Biozide
: Minister muss haften

Ihre Verpackungen sehen aus wie die von Putzmitteln oder Puderzucker. Doch ihr Inhalt will Lebewesen aufweichen, zersetzen, pulverisieren oder einfach nur umbringen. Haufenweise lauern sie harmlos unter vielen Küchen-Spülen – die Biozide. Sie unterscheiden sich durch ihren Gefährdungsgrad, natürlich nur für Menschen. Von böse giftig bis zu gesundheitsschädlich. Diese Einschätzung bringt die bösen Biozide nämlich entweder gleich ins Supermarkt-Regal oder in einen vergitterten Giftschrank, wo sie natürlich aufwändiger zu verkaufen sind. Das wissen auch die Hersteller und mühen sich ab, ihre Schimmelkiller und Ameisenvernichter möglichst harmlos daher kommen zu lassen. Gerade mal acht von 94 blieben bei der Beschriftung des Etiketts bei der Wahrheit. Das hat Nordrhein-Westfalens Verbraucherschutzminister Eckhard Uhlenberg (CDU) jetzt festgestellt. Ein Skandal?
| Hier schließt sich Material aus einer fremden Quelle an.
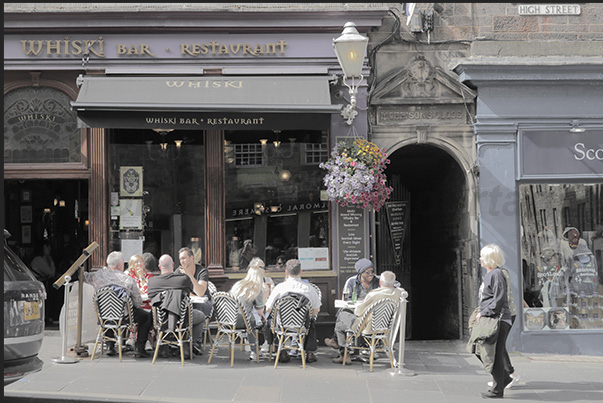 Numerous shops offer tastings of whiskies produced in the region's distilleries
KOMMENTAR VONPETER ORTMANN

Ja. Einer mit Aufschrei-Qualität. Mit Warnaufrufen im Fernsehen und Outing aller Schädiger. Doch es passiert nichts. Das giftige Zeug steht immer noch im Supermarkt-Regal und – noch viel schlimmer – unten den Küchenspülen. Der Verbraucherschutzminister lässt die Biozid-Hersteller weiter machen. Erst in der nächsten Woche will die Landesregierung den Einzelhandelsverband über die Studie informieren, die dann in ihren Verkaufshallen reagieren können. Den Täuschern droht der Minister „zumindest mit einem Bußgeld“. Die werden jetzt schon zittern. Und wenn sich in der Zwischenzeit irgendeiner mit der falsch gekennzeichneten Killer-Suppe umbringt, haftet dann auch Bauer Uhlenberg? Um die Schädlichkeit weiß der Minister. „Bei falscher Anwendung sind diese Produkte eine Gefahr für Mensch und Umwelt“, betonte er. Nichthandeln trotz Wissen führt aber immer zur Haftung. Da hilft auch kein Schutzanzug mehr.